### YOUR ASSIGNMENT
Could you please transcribe the data exactly, without the pictures?
** PROVIDED MATERIAL follows **
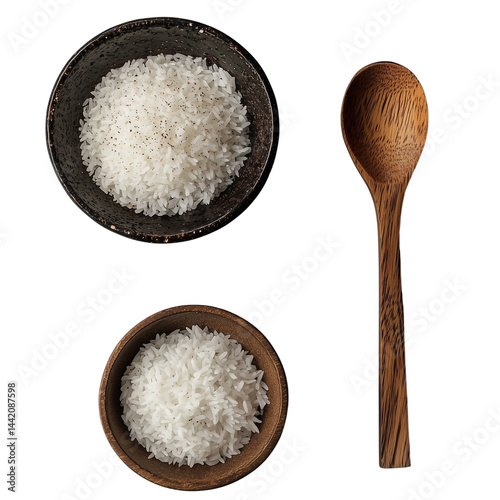 Two bowls of uncooked rice with a wooden spoon creating a minimalist kitchen vibe ideal for cooking themes. isolated on white background and transparent background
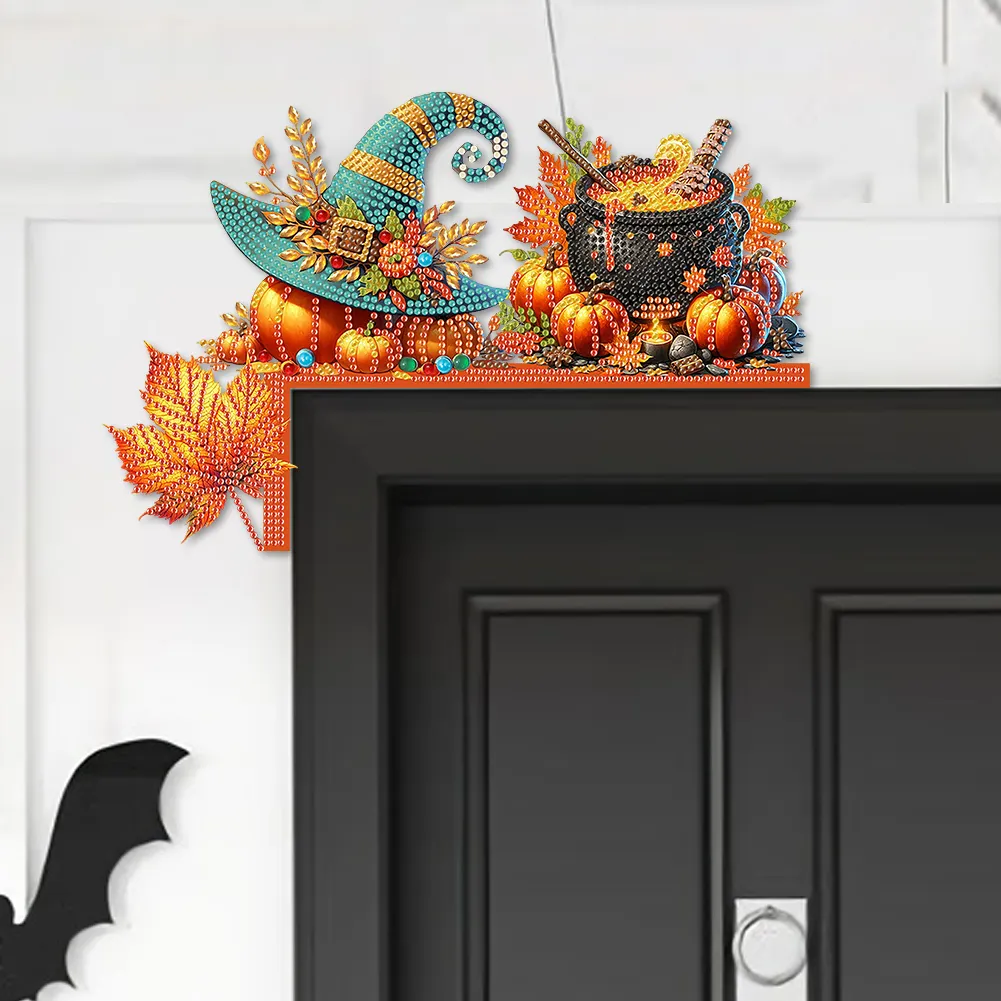 Autumn Pumpkin Diamond Art Door Right Angle Sign for Indoor Outdoor Wall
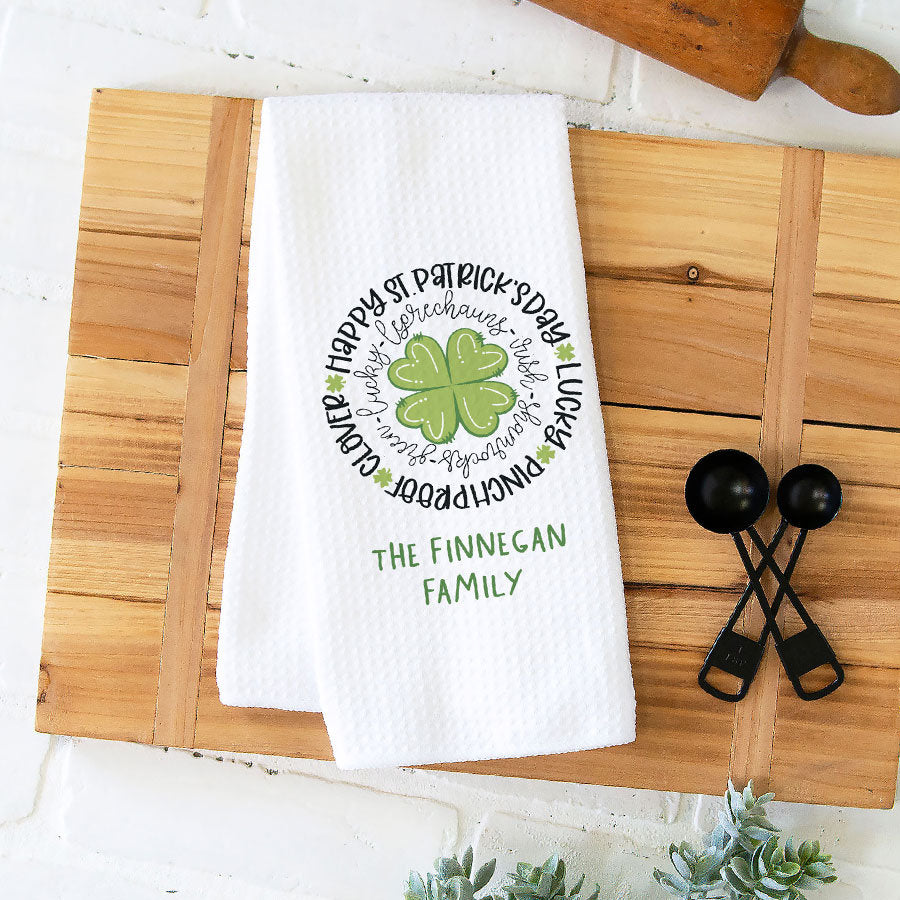 Happy St. Patrick's Day Towel | Custom Holiday Towel | Personalized Dish Towel | Shamrock Decor | St. Patrick's Day Decor | Seasonal Decor
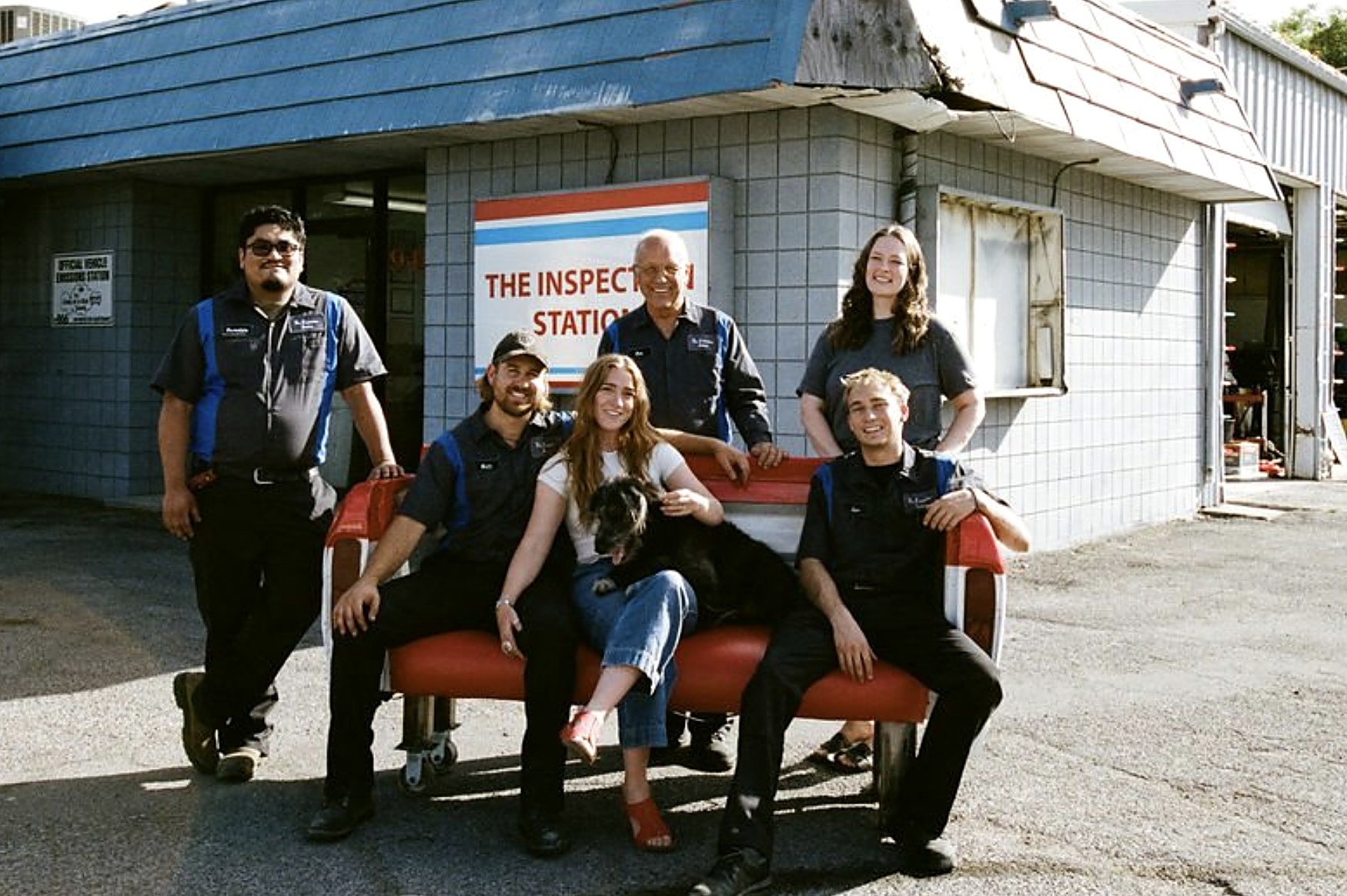 Matt and the Inspection Station crew in front of the shop at 946 S State St in Orem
** End of PROVIDED MATERIAL **
### FINAL ANSWER
 Two bowls of uncooked rice with a wooden spoon creating a minimalist kitchen vibe ideal for cooking themes. isolated on white background and transparent background
 Autumn Pumpkin Diamond Art Door Right Angle Sign for Indoor Outdoor Wall
 Happy St. Patrick's Day Towel | Custom Holiday Towel | Personalized Dish Towel | Shamrock Decor | St. Patrick's Day Decor | Seasonal Decor
 Matt and the Inspection Station crew in front of the shop at 946 S State St in Orem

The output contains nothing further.